Radioman 3rd Class Art O’Hara, a brash radioman who’s always toting a cigarette on his lip, wakes in a seedy San Francisco motel room. Realizing he’s AWOL, he makes a mad dash to catch his ship just before it heads to sea. Readers ride pillion on this rapid-fire opening to a novel that gains momentum with every page as O’Hara and his fellow sailors embark for the Marianas aboard the USS Atwood. At the outset, life aboard ship doesn’t seem too onerous: O’Hara finds opportunities to shirk work, badger underlings, ponder the mysterious crate in the cargo hold and watch newbies vomit over the railing. Within days of delivering its cargo, the Atwood leaves for the Leyte Gulf. It never reaches its destination. Just after midnight, two torpedoes strike, swiftly sinking the Atwood as men grab life jackets and jump ship. Ocean currents and confusion about whether the distress signal went out leave the survivors wondering if they’ll be rescued, while treading water under a merciless sun. With each day that passes, more men die from their wounds or get picked off by ever-present sharks.

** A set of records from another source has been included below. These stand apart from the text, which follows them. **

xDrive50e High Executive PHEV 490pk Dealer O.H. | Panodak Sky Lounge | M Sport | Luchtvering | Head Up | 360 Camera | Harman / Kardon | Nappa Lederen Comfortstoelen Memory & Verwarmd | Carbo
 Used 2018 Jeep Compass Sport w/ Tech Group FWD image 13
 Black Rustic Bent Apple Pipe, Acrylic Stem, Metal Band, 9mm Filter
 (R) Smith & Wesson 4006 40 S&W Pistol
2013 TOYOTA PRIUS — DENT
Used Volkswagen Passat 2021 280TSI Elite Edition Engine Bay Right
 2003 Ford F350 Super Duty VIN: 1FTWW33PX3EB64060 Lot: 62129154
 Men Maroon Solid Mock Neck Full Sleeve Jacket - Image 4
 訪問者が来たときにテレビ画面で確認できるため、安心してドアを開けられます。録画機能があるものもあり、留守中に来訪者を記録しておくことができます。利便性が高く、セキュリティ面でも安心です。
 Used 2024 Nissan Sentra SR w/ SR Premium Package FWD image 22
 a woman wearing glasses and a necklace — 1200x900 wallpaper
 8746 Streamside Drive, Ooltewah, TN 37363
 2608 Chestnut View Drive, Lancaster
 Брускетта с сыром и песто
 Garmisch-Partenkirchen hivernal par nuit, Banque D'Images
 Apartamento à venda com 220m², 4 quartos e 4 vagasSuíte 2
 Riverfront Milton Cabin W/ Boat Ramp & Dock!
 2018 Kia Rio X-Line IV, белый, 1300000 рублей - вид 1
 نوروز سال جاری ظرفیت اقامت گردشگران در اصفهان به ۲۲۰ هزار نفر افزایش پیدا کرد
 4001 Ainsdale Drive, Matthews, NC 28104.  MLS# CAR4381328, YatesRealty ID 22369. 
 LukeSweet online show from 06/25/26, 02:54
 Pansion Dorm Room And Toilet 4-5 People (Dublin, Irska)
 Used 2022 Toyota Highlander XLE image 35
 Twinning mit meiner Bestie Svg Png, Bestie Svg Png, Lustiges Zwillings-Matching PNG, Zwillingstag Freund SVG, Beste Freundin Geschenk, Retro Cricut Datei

Delusions set in: Some men bargain with the Almighty, while others retreat into their imaginations. O’Hara’s fantasy of driving to Montana with his parents gradually merges into memory, and we learn of his love for Atsuko, a young Japanese woman whom he’d met at a dance—a poignant subplot that encapsulates conflicted American attitudes in 1945. Author Loranger, a former Navy man, presents his fictionalized history of the USS Indianapolis with meticulous detail, rich naval lore and bantering humor, and he infuses it with a poetic beauty. Swimming toward warmth, O’Hara thought “he could swim off the edge of the earth and float into the solar surface,” even while dorsal fins circled the “ivory whiteness of his feet...and he did not fault the sharks for coveting them.” After four torturous days in the water, the acceptance of death brings forgiveness, even to predators.
With harrowing suspense and an ending that is as satisfying as it is haunting, this seaman’s odyssey will leave readers pondering their own life choices and courage.